Darold Stenson was convicted of murdering his wife and business partner in 1993 in Sequim but he has always claimed he's innocent.

"There are three key points here that are our understanding at this moment in time," said John Turner, Clemency Board Member.

First the U.S. Supreme Court would have to overturn a stay that's at the federal level.

"Number two the state supreme court would have to overturn the stay that's in place at the state level.
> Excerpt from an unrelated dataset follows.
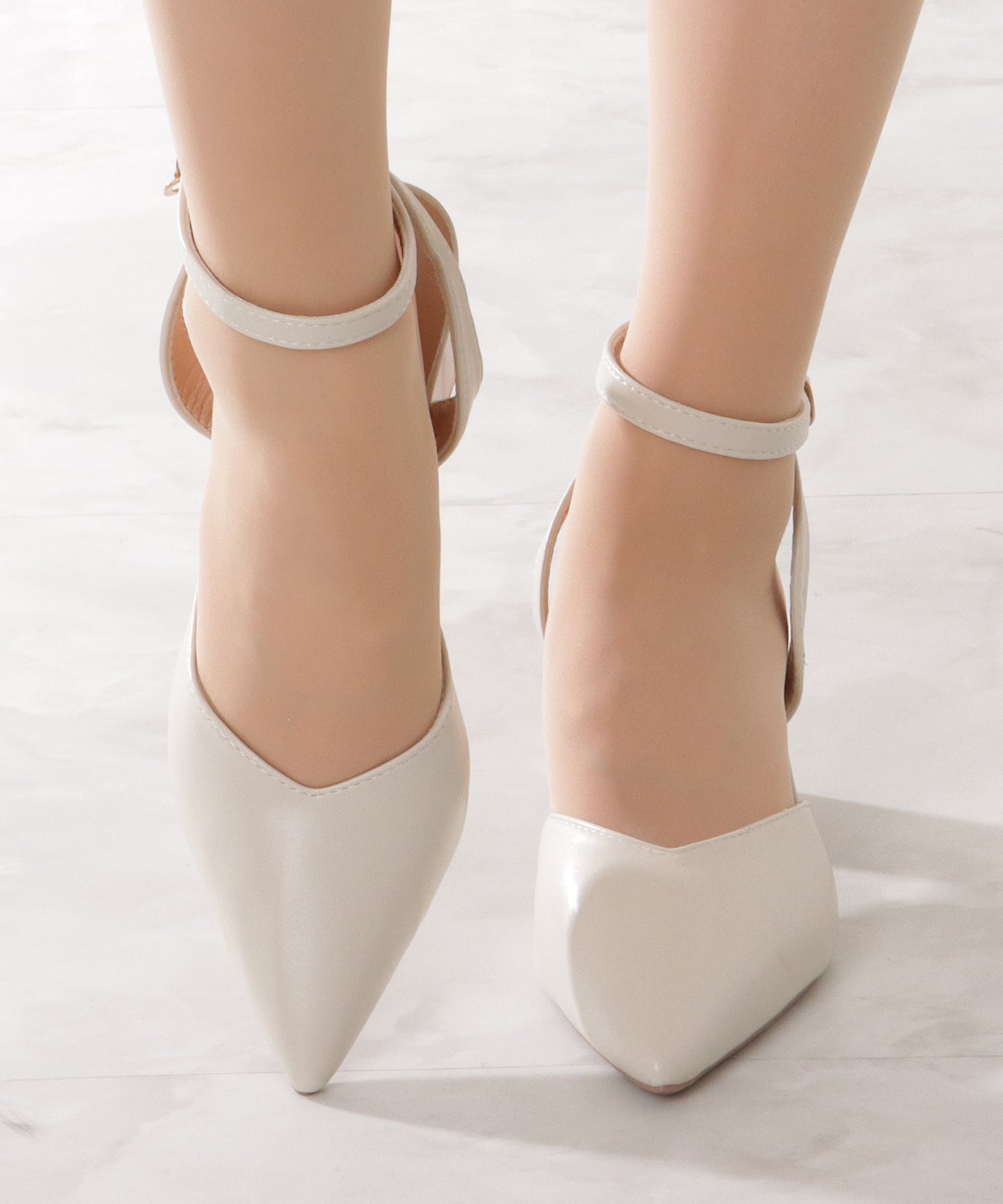 アンクルストラップ付き チャンキー サイドオープン ポインテッド パンプス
Thirdly the state supreme court would have to rule that the execution could proceed on December 3rd," said Turner.

The clemency board did not make a decision at the hearing Monday, rather they will let the courts decide and if both stays are lifted they will hold an emergency hearing.

"Mr. Stenson has already indicated that he objects to this proceeding. He wrote to me personally. He said how dare you do this I am innocent. Why are you asking for clemency."

Clemency means to reduce a sentence for a crime committed. Since Stenson says he is innocent, he did not want his case to go before the clemency board.

"There is DNA that is out there on artifacts that were associated with the murders of Denise Stenson and Frank Hoerner," said Jeff Ellis, President of Washington Coalition to Abolish the Death Penalty.|

A stay of execution was put in place when a former inmate came forward as a possible witness. The state supreme court decided not to lift that stay Monday and said Clallum County can try again when the case will go to trial in three months.